How to Save 300+ Bucks...

Or, how I changed my own coolant.

So, on Easter Sunday I finally pushed myself out the door to the garage and got to work changing the coolant in my Honda Shadow Sabre 1100.

I had been delaying this out of fear, mostly. It's one of the most daunting things I've ever considered doing on to my bike. Well, no longer. And here I will impart my "wisdom" to you so that you need not worry or think that this is beyond your technical reach...cause it ain't.
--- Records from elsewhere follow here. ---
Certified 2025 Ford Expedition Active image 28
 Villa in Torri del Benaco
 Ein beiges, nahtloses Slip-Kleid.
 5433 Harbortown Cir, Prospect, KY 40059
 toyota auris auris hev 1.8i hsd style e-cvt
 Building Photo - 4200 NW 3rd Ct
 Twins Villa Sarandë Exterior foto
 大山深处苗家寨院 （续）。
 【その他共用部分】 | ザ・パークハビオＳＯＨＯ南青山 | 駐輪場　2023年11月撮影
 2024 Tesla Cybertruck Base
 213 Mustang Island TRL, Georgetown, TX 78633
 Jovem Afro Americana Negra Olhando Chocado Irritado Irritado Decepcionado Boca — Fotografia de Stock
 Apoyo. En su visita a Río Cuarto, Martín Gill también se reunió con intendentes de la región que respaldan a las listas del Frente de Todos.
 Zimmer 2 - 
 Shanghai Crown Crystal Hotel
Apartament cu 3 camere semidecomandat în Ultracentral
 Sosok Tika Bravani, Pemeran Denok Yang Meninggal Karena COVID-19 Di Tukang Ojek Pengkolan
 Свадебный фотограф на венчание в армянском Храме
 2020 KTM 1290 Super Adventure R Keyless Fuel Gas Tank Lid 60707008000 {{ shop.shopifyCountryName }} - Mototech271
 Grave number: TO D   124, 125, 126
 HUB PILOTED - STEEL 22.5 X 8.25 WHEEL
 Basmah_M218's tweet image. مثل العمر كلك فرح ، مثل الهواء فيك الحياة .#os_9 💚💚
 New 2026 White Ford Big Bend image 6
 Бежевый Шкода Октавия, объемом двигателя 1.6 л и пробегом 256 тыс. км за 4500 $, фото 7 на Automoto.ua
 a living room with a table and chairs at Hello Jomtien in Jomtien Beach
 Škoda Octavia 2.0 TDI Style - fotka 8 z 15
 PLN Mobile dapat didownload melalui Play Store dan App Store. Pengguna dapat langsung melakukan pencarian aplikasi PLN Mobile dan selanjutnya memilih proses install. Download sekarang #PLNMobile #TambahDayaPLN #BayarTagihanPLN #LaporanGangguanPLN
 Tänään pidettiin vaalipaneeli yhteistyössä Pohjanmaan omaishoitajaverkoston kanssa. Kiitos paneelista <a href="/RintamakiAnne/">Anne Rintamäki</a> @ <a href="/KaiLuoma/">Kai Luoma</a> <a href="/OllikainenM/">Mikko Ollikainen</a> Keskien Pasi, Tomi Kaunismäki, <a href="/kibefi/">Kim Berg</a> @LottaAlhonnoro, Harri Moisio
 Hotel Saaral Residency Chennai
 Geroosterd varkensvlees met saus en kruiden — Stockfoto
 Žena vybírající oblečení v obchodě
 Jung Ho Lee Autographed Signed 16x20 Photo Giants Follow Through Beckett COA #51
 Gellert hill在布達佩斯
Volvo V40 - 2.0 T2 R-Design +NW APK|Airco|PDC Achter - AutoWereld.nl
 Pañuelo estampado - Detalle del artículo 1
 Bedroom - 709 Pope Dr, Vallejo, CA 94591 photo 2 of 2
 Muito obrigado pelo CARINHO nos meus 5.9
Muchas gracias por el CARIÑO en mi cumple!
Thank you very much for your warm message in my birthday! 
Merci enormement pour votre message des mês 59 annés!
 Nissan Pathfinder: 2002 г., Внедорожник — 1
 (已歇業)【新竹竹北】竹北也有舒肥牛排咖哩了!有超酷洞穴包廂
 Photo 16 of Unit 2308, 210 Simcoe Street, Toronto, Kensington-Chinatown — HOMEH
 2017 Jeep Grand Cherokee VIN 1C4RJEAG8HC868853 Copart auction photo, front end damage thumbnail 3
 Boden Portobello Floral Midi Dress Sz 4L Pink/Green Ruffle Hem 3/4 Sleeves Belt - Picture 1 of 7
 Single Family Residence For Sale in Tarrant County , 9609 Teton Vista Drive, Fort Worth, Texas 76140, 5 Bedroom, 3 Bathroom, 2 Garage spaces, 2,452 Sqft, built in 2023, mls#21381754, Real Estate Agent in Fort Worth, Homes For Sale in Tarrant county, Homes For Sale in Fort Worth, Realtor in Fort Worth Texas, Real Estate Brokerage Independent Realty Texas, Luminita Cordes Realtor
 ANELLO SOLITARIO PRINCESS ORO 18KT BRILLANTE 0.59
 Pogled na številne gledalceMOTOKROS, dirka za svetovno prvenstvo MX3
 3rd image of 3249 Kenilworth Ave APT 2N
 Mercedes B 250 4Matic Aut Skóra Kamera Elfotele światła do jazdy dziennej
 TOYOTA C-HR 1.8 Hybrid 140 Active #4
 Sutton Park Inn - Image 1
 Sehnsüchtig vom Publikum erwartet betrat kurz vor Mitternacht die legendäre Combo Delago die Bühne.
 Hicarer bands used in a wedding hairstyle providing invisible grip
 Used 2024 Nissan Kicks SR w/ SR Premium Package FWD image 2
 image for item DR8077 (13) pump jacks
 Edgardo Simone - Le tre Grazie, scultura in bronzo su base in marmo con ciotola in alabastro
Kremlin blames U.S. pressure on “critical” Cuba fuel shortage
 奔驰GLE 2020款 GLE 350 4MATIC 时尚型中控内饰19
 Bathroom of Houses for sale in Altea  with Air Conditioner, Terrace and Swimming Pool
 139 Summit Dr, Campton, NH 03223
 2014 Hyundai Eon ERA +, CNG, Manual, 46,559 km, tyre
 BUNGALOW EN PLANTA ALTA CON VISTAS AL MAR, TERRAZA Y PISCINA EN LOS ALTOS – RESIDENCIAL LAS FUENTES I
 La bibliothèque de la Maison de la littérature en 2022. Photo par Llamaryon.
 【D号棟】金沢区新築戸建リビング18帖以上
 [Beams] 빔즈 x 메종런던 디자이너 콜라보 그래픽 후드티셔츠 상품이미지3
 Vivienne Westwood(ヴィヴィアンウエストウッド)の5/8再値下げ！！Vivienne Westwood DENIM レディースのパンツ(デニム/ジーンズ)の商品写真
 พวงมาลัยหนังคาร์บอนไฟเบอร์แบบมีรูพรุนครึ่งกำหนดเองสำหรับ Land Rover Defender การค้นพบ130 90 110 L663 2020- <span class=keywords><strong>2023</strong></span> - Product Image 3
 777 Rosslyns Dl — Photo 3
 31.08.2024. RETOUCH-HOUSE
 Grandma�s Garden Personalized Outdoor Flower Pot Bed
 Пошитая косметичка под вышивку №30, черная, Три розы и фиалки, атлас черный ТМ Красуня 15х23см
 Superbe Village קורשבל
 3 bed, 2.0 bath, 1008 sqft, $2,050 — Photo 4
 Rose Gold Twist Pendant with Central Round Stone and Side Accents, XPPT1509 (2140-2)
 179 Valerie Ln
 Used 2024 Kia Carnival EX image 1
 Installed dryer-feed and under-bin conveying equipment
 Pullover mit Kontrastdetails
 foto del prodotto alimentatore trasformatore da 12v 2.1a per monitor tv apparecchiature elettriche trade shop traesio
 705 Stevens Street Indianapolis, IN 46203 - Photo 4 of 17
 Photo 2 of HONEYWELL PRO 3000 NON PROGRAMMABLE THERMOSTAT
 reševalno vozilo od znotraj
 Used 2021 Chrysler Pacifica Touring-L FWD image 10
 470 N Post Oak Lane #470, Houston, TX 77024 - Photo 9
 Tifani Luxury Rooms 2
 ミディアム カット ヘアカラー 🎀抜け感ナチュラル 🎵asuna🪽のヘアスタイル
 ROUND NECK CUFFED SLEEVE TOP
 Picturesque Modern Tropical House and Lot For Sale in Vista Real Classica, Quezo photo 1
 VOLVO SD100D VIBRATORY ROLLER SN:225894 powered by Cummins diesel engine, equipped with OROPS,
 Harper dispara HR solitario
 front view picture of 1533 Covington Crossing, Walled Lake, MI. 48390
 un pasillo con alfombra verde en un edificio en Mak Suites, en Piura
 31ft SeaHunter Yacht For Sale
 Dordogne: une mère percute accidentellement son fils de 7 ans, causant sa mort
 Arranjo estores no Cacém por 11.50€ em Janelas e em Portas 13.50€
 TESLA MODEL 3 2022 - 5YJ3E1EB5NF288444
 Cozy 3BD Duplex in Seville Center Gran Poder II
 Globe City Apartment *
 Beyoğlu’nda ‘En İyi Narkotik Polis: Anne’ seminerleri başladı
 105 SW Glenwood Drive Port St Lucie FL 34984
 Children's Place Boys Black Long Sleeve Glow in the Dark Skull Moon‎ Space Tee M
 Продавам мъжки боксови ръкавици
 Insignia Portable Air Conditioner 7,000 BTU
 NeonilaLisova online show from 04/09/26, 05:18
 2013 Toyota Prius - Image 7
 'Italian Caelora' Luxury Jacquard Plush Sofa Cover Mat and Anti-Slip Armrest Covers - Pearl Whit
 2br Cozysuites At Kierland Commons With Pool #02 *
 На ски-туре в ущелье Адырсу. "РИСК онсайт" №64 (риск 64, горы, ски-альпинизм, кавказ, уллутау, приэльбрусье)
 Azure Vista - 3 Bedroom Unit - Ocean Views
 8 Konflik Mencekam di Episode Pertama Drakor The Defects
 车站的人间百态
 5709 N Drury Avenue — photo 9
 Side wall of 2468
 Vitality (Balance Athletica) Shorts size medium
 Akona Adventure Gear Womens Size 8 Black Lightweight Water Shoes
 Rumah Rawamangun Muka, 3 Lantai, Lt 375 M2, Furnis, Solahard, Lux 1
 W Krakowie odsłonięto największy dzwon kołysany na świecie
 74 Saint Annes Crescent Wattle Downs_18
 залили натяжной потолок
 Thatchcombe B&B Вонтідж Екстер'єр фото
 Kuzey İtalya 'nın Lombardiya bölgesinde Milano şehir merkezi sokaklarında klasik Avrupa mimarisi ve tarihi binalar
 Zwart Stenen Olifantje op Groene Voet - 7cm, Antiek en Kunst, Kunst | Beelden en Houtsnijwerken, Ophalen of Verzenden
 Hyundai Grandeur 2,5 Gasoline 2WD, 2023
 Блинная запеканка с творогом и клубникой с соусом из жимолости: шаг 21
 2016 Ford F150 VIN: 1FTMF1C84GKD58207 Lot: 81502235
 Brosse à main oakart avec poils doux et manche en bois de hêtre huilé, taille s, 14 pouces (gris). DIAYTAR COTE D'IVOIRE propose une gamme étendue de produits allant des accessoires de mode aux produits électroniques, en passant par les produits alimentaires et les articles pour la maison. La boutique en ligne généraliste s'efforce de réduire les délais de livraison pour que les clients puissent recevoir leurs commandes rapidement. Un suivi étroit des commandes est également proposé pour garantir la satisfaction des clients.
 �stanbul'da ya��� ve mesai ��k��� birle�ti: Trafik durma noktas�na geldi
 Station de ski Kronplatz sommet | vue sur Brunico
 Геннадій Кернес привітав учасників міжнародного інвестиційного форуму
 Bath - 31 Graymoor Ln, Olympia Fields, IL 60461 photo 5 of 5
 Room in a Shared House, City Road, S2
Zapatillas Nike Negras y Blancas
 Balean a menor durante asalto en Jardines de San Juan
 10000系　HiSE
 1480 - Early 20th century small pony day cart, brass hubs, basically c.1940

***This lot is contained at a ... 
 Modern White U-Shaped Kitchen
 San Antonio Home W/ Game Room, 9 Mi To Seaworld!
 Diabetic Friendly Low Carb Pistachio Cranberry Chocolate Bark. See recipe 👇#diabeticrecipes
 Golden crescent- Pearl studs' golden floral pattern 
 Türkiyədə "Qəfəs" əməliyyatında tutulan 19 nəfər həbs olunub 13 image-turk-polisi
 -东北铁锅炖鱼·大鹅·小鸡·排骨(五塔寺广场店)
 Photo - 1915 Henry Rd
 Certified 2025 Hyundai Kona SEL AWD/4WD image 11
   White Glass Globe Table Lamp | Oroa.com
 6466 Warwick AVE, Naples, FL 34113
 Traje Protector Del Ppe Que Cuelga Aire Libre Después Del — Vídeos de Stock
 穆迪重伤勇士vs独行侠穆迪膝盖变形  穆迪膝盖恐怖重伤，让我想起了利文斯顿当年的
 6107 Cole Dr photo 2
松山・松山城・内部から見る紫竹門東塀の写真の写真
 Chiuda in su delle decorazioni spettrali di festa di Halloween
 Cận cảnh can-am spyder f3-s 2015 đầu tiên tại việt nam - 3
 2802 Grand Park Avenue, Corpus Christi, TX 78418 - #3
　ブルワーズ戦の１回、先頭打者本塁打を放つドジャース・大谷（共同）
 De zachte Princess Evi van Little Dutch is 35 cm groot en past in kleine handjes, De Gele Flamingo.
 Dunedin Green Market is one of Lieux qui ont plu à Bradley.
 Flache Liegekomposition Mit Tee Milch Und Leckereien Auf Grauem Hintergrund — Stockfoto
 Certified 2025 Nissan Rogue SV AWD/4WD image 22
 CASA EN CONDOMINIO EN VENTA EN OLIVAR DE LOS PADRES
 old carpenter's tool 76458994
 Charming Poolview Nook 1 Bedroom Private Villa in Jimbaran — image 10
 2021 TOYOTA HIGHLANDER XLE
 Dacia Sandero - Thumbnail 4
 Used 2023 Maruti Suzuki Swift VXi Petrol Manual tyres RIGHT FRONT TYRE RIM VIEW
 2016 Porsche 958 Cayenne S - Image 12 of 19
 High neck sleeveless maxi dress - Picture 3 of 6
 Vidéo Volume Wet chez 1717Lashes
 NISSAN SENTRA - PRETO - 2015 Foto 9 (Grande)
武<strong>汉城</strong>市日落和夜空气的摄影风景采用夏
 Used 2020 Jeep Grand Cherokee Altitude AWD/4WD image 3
Before we go any further...

NOTE: This guide was created to help out anyone looking for more information on changing the coolant in a Honda Shadow Sabre 1100 (VT1100C2). I am not a mechanic in any way shape or form and I do not/will not take any responsibility for any damage done to your bike. If you are unsure of doing this work, then by all means take it to the dealer to get it done.

Still here? Okay, let's move on...

Things you need:
  • 2 Litres of Honda coolant (I bought the pre-mix in 1 Litre bottles)
  • The usual assortment of sockets and wrenches (these are kind of important)
  • Replacement washer for the coolant drain plug (you may not need it, mine was fine)
  • A drain pan (mine could hold 4 Litres)
  • A disposal bottle (mine could hold 4 Litres)
  • Phillips head screw driver (the one from my bike tool kit worked fine)
  • Funnels (or you will make a big ass mess)
  • 2 Litres of distilled water (drug store)
  • Flashlight (great for seeing fill marks so you don't over fill things...don't ask)

If you follow the maintenance manual (not the owners manual, but the thick one you buy at the shop), you'll end up doing more work then necessary to get this particular job done. The biggest pain in the ass is taking the gas tank off. Here's where I'll stop you. Don't do it. In order to take the tank off, you have to shut off the fuel, pull the gas line off the petcock, then pull the vent tube off the other side. I say again...don't do this. I ended up smelling of gas for the rest of the damn day because that little petcock just wouldn't stop dripping. Yes...I did turn off the fuel.

Here's what you do. Remove the seat and take out the bolts holding the gas tank in place. With that done, just lift up the front part of the tank until you can see screws for the neck cover. The front part of the tank should stay up due to the rubber mounts on the frame. If it doesn't want to, just use something to prop it up and keep it out of the way.

Get your screw driver and remove the two plastic screws holding the neck cover in place. Two reason to be careful here:
  1. These screws are plastic and easily messed up if you use too much force on them.
  2. The screws go into expanding plastic inserts that actually hold the
    cover in place. These inserts can easily be lost and/or broken.

Once the neck cover is off you have full access to the radiator fill cap and you've skipped past the ridiculous process of taking off your precious gas tank. My biggest worry was me accidentally kicking the tank and that would make for a very bad day.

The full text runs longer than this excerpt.